START Supplied data

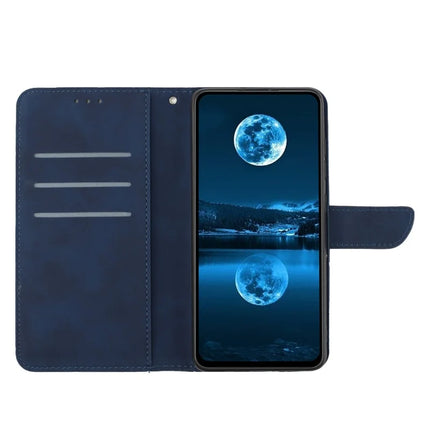 For OnePlus 13 Case Skin Touch Lines Imprinted PU Leather Flip Phone Cover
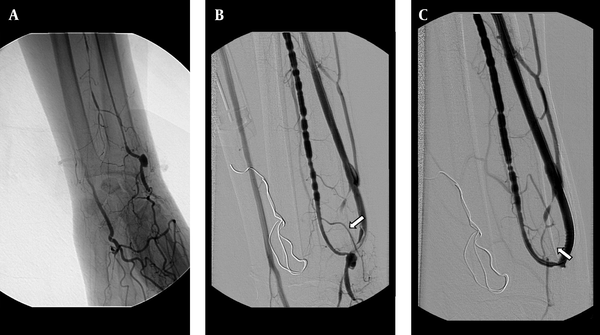 A 48-year-old man with radiocephalic fistula in the left forearm. A, Retrograde catheterization failed to canalize obliterated outflow vein. The fistulogram obtained with the antegrade approach throughout the brachial artery shows the occlusion of the fistula. B, After balloon dilatation (3.5 mm) of the obliterated segment, the dilatation was complicated by dissection at the venous side of the fistula (arrow). C, The 4×23 mm sized stent was placed at the dissected segment and the control fistulogram showed the patency of the fistula and the normal calibration of the venous segment.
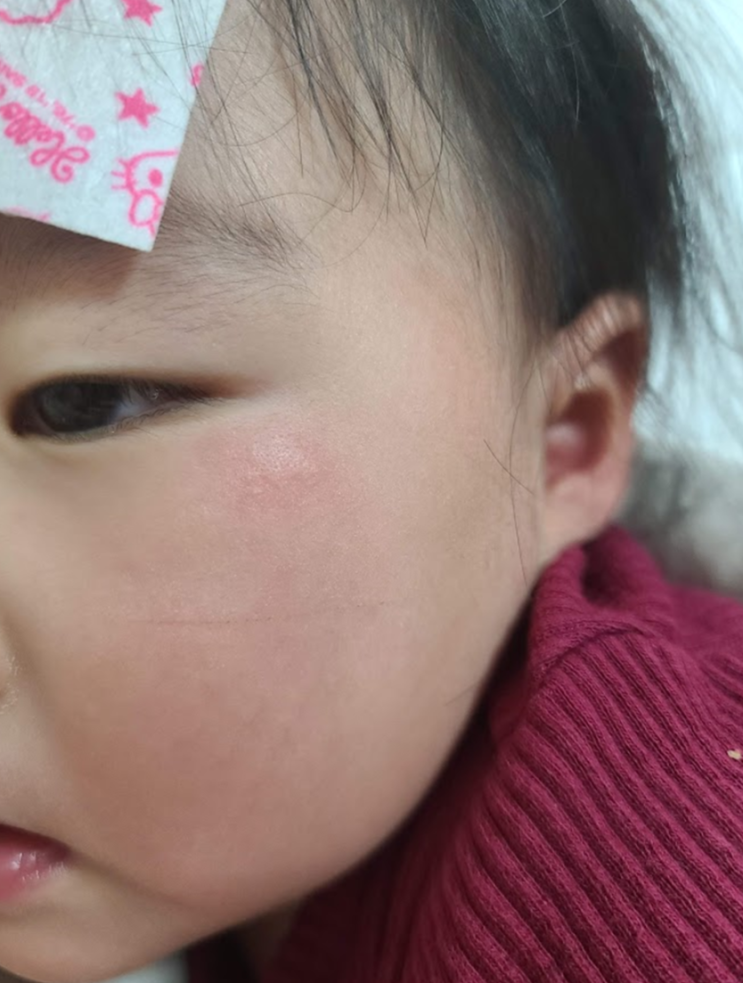  냉방병 증상 몸살 어지러움 목 통증 치료 예방법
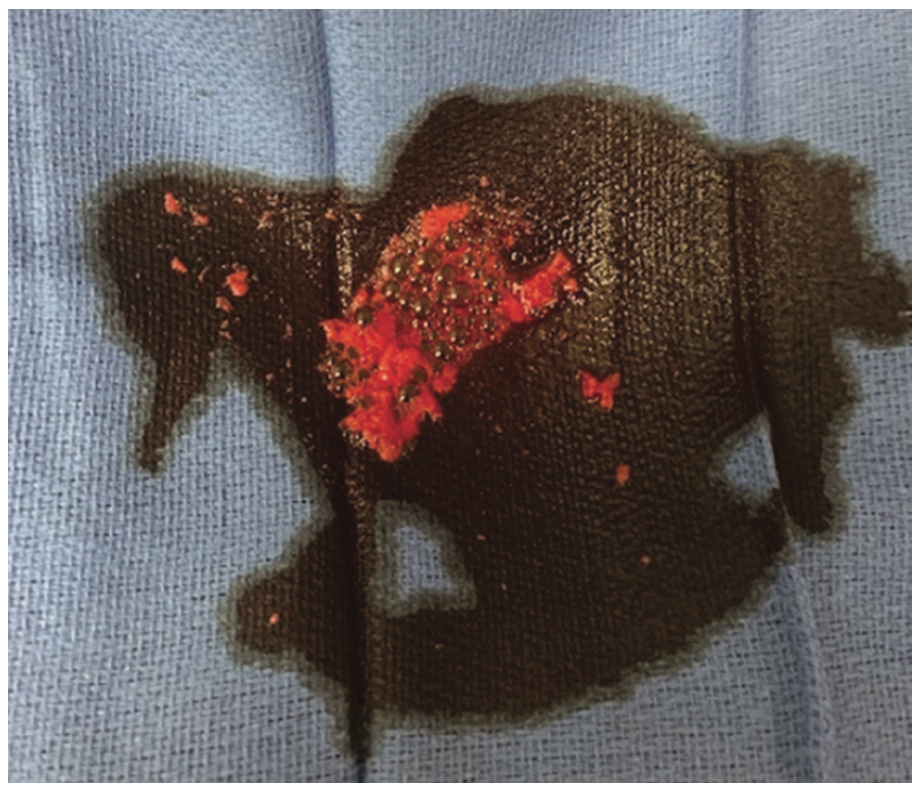 Tai Transcollateral Figure 3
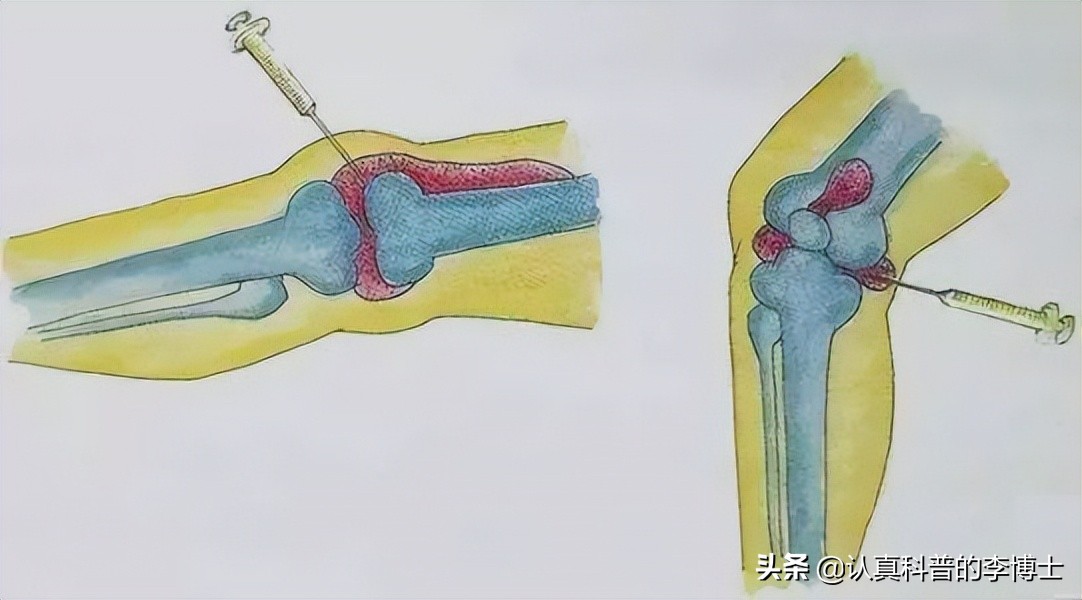 关节有积液需要抽吗,抽关节积液有什么危害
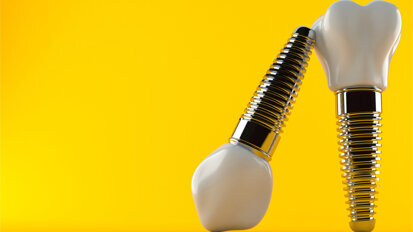 Trends in dentistry: What is currently happening in implantology?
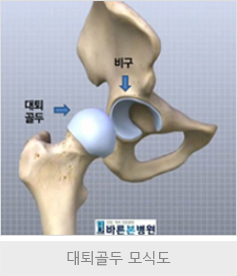 대퇴경부골절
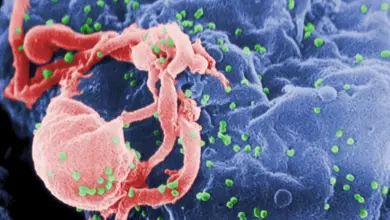 Zvětšený virus HIV na infikované buňce s virovými částicemi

END Supplied data

» **Aim of the task**: Would you restate word for word only the lines from the line with "Trends in dentistry: What" to the last line above, with the pictures left out?

» **Final answer**:
 Trends in dentistry: What is currently happening in implantology?
 대퇴경부골절
 Zvětšený virus HIV na infikované buňce s virovými částicemi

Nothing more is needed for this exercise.